Information supplied:

========================================================================

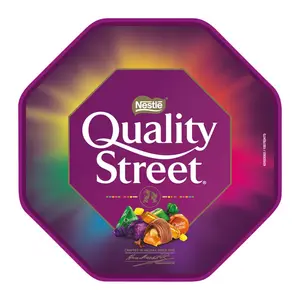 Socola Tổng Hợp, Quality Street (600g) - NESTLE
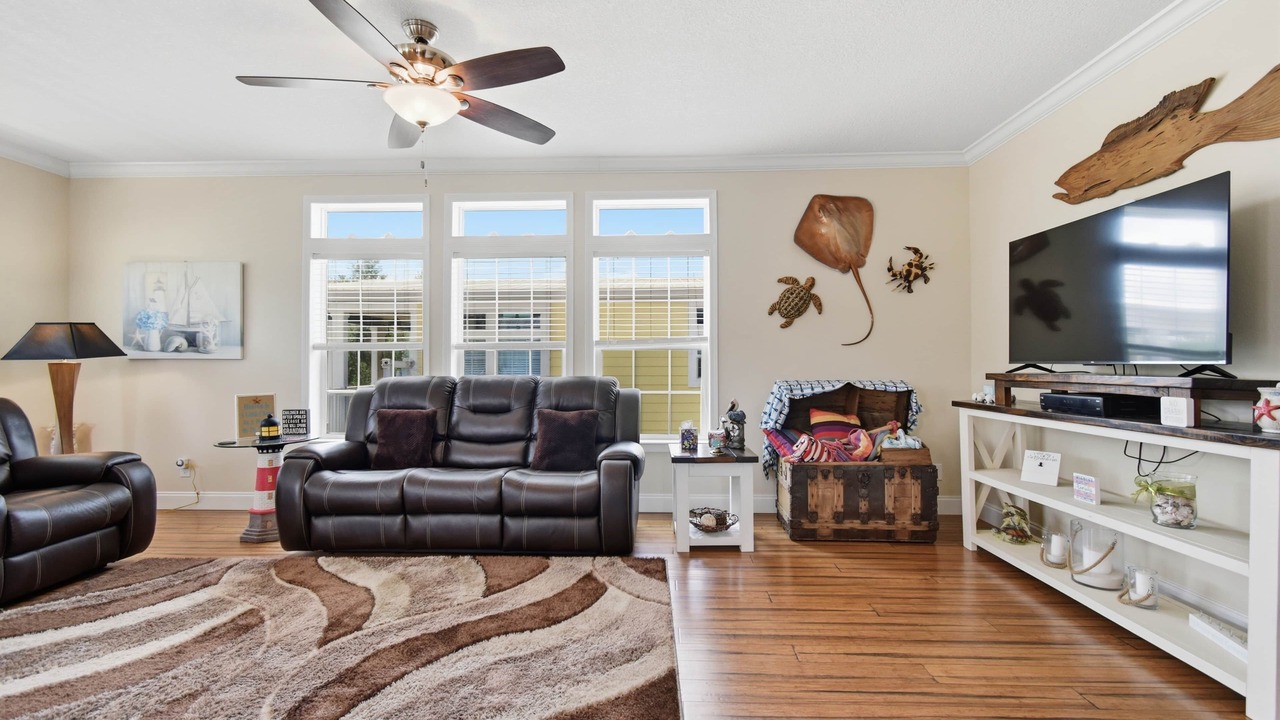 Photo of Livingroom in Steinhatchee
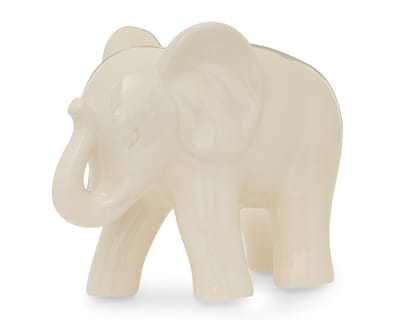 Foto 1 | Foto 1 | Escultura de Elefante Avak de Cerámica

========================================================================

Your assignment: Once the pictures are set aside, output the whole listing exactly.

Response box:
 Socola Tổng Hợp, Quality Street (600g) - NESTLE
 Photo of Livingroom in Steinhatchee
 Foto 1 | Foto 1 | Escultura de Elefante Avak de Cerámica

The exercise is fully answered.